I want my children to appreciate their beauty and to bask in it just as they would a beautiful day like today.  This is not arrogance or conceit.  It is considered insensitive, superficial, and even somewhat gauche to shrug off a Van Gogh or a tropical sunset.  Why should it be any different when it comes to oneself?  Beauty is meant to be enjoyed, but it makes no more sense to be prideful or supercilious about one’s looks than it does bragging that one was born with a pancreas. 

 I am not of course referring to some sort of commercial idea of beauty.  We are so blasted with market-driven images of attractiveness that it is difficult to envision a human being or a depiction of a human being that is both pleasant-looking and asexual.  Especially when it comes to little girls, not even children are G-rated anymore.  Try to imagine beauty that is not in the service of sexuality, or sexuality that is not in the service of spending.  Kind of hard, isn’t it?  Even 2500-pound cars are billed as having “sexy lines”.  What a trivialization of beauty that it has become synonymous with sex!  And what a trivialization of sex that it has become synonymous with consumption! 

And this confusion around beauty and sex really is more pronounced for women.  And the age at which girls are objectified just gets pushed younger and younger.  A few years back, little girls were allowed to dress as little girls through size 14.  Now belly shirts and bikini-waist jeans and nonexistent shorts are marketed to toddlers.  To get back to TV, take the usualholiday episodes.  The men are dressed for December:  sweaters, turtlenecks, cords to the ankles.  The women look as if they just stepped off the beach.

It is worse for Black women, who are both commercialized and denigrated at the same time.

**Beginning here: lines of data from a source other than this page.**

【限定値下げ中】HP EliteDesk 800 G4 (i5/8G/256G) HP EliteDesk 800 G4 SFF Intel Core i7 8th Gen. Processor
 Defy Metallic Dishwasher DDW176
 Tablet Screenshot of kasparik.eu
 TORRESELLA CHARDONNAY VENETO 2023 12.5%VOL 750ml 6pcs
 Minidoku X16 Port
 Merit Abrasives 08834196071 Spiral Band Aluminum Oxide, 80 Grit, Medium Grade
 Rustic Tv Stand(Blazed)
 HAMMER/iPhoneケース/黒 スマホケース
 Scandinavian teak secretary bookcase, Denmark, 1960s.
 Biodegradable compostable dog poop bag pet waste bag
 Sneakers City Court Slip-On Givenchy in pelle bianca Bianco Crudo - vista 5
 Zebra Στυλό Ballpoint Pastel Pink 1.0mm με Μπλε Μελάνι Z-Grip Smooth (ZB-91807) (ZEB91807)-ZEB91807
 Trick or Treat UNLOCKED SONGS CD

And then it all comes to a crashing halt in middle age, after which we have no standard of beauty for women at all.  Is that because older women are no fun to have sex with?  That’s ironic, because middle age is when so many women become a whole lot hornier.  Older men can be “distinguished”, thereby still worth looking at, and, for better or worse, marketable.  Try and find a gender-neutral word for “distinguished”!

If we are to step outside of market-driven standards for a moment, there really is an age at which beauty becomes a combination of physical characteristics and character.  An amalgam of what you have on the outside and who you are on the inside.  Some time between 40 and 50 the face starts to tell the tale, for good or for ill.  When it is said that someone’s face “has character”, that is not generally meant as a compliment.  How unfortunate, and how revealing of the speaker, who must be somehow unsettled by the notion of character. 

And old age should be like this October day.  Would that we all go out in a blaze of glory!